Rifiuti organici, allarme qualità: nel 2022 oltre il 7% di materiali non compostabili

di Luigi Palumbo 05/07/2023

Peggiora la qualità dei rifiuti organici da raccolta differenziata. Secondo Legambiente nel 2021 il 17% del totale trattato dagli impianti era frazione di scarto. Nel solo umido domestico, dice il CIC, si è arrivati al 7,1% di materiali non compostabili. Valeria Frittelloni: “Le frazioni estranee aumentano invece di diminuire”


Lettiere e pannolini, ma anche vetro e metalli. E poi la plastica, tanta plastica, soprattutto quella dei sacchetti. Nei nostri rifiuti organici da raccolta differenziata sta aumentando la quota di materiale che non é né organico né tanto meno compostabile, e che finisce per compromettere la qualità del trattamento. Con costi altissimi a carico degli operatori. A fronte di 8,3 milioni di tonnellate di rifiuti gestiti, nel 2021 i 355 impianti autorizzati hanno generato 1,4 milioni di tonnellate di scarti, pari al 17% del totale trattato. Da separare e avviare a recupero energetico o smaltimento. I numeri sono quelli di un’analisi di Legambiente presentata in occasione dell’Ecoforum annuale sull’economia circolare. “Solo un impianto su quattro, ovvero il 27% – spiega Andrea Minutolo, responsabile scientifico dell’associazione del cigno verde – ha registrato in uscita scarti inferiori al 2,5%. Il 50% degli impianti registra scarti che vanno dal 15% in su – dice Minutolo – singoli impianti addirittura arrivano all’80-85%. Praticamente come non aver fatto la raccolta differenziata”.

“Negli impianti di compostaggio – conferma Valeria Frittelloni, direttore del dipartimento per la sostenibilità ambientale di ISPRA – le frazioni estranee aumentano invece di diminuire“. Di pari passo con il peggioramento della qualità della differenziata. Secondo il Consorzio Italiano Compostatori, nel solo umido domestico si è passati tra 2012 e 2022 dal 4,5% di materiali non compostabili al 7,1%. “Un numero allarmante – commenta Massimo Centemero, direttore generale del CIC – e il trend tende ad aumentare”. Indipendentemente dalle modalità di raccolta. Secondo Legambiente con la differenziata mista (stradale e porta a porta) la percentuale di materiale estraneo è del 15%, mentre con le raccolte domiciliari diminuisce al 3,4%, ma le rilevazioni del CIC dimostrano che la presenza di frazioni non compostabili è in aumento in entrambi i casi. “In alcuni porta a porta arriviamo anche al 5, 6 o 7%. È un dato che fa saltare dalla sedia”, dice Centemero. Anche perché ogni punto in più di materiale non compostabile da smaltire costa alla filiera nazionale circa 50 milioni di euro. “I numeri non tornano, se continua questo trend”, sottolinea. Vuol dire che se l’organico continua a peggiorare arriverà presto il momento in cui gli impianti non potranno più accettarlo.

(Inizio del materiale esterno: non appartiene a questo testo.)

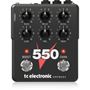Obrázek z TC Electronic V550 PREAMP kytarový předzesilovač 
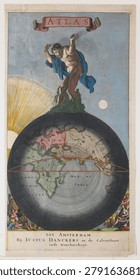 See P.14,626, same in reverse with slight alterations.. Vintage art illustration.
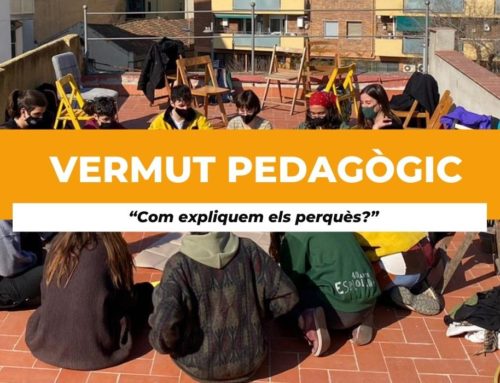Què extraiem del primer Vermut Pedagògic d’Esplac?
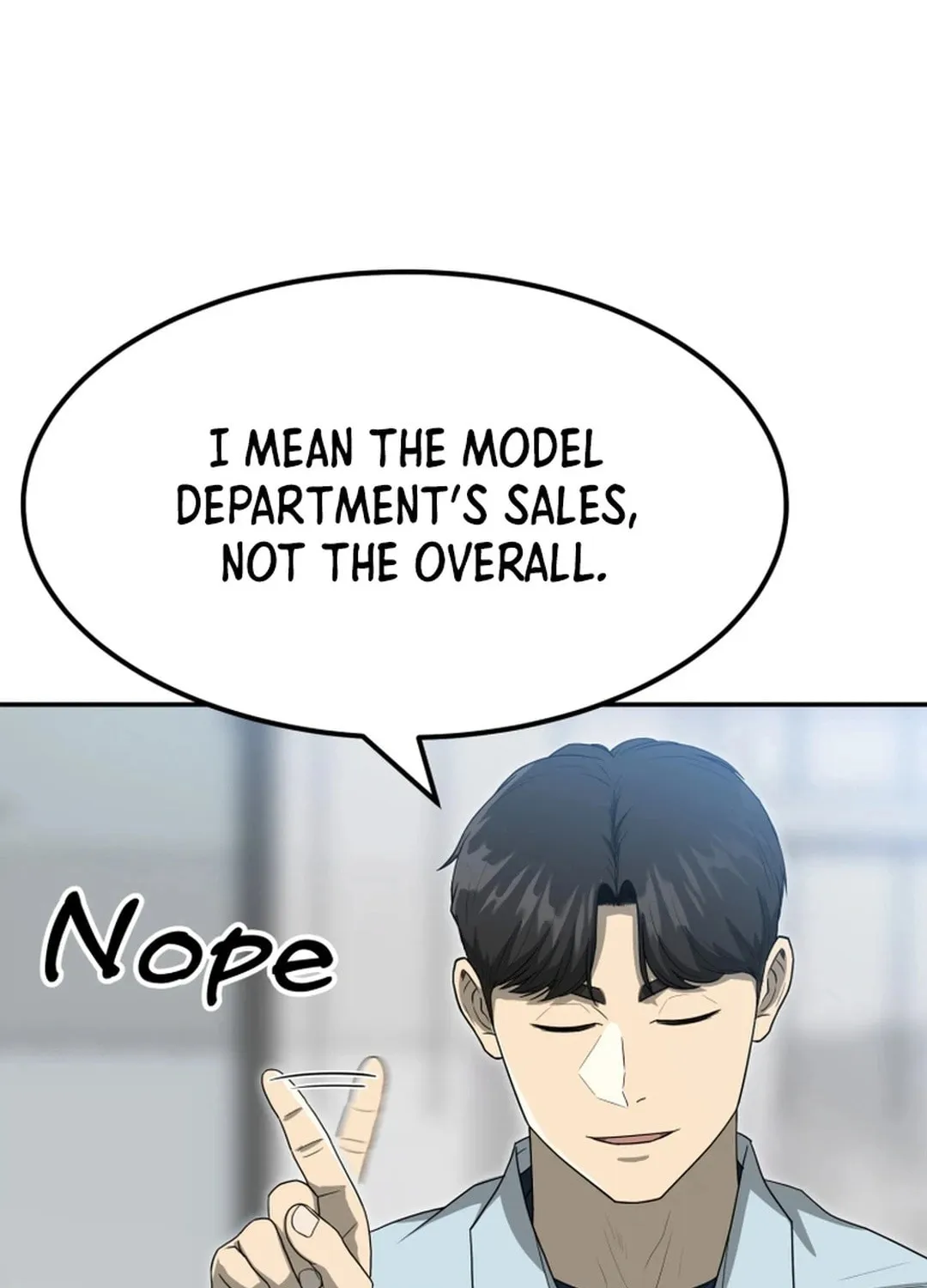 Golden Print Chapter 59 page 9 - 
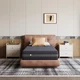 Sleep Cool & Supported - Novilla 8 Inch Twin Gel Memory Foam Mattress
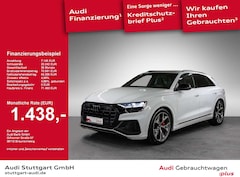 Bild des Angebotes Audi SQ8 4.0 TFSI qu AHK Pano Nacht HUD Carbon B&O 22'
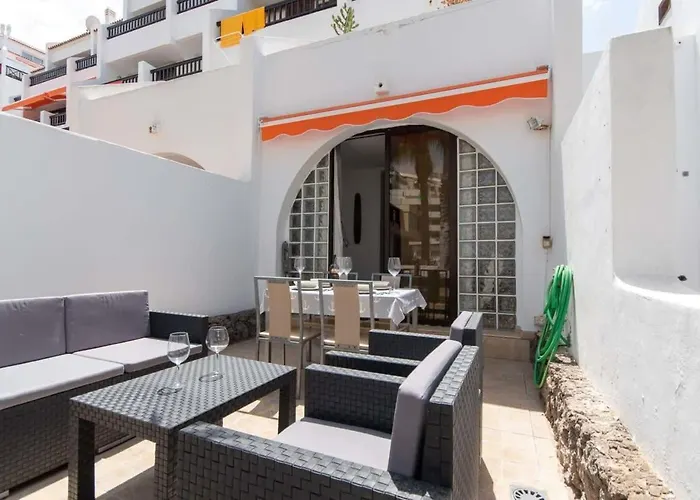 Parque Santiago Ii 228 - Two Bed Apartmán *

Ma cos’è che continua a contaminare l’umido differenziato? “Il 45% circa è plastica” chiarisce il direttore generale del CIC. A partire dai sacchetti utilizzati per la raccolta. “Nonostante l’obbligo di legge il 40% dei sacchetti non è biodegradabile e compostabile“, dice. Pesano anche le lettiere (8,2%) e i pannolini (11%), “ma sono comparsi anche vetro e metalli, che nel porta a porta non si erano mai visti”, ammette Centemero. Segno evidente che nella corsa alle quantità record di raccolta differenziata tendiamo sempre di più a trascurare la qualità. “Le raccolte differenziate crescono ma il tema degli scarti è sempre più evidente. E preoccupante”, sottolinea Valeria Frittelloni. E non solo per i rifiuti organici, ma per tutte le frazioni. “Negli ultimi anni si è andata allargando la forbice tra quello che viene raccolto e quello che viene riciclato” osserva. Anche per questo la differenziata nel nostro paese è al 64% mentre il riciclo si ferma al 48%. “La sfida europea del 65% di riciclo al 2035 è un’opportunità per colmare i gap – spiega Minutolo – servono impianti performanti, è vero, ma la qualità del materiale è altrettanto propedeutica. La gestione della raccolta deve tendere verso un modello ottimale“. Con più porta a porta e meno cassonetti, ma anche con maggiori investimenti in sensibilizzazione e comunicazione al cittadino.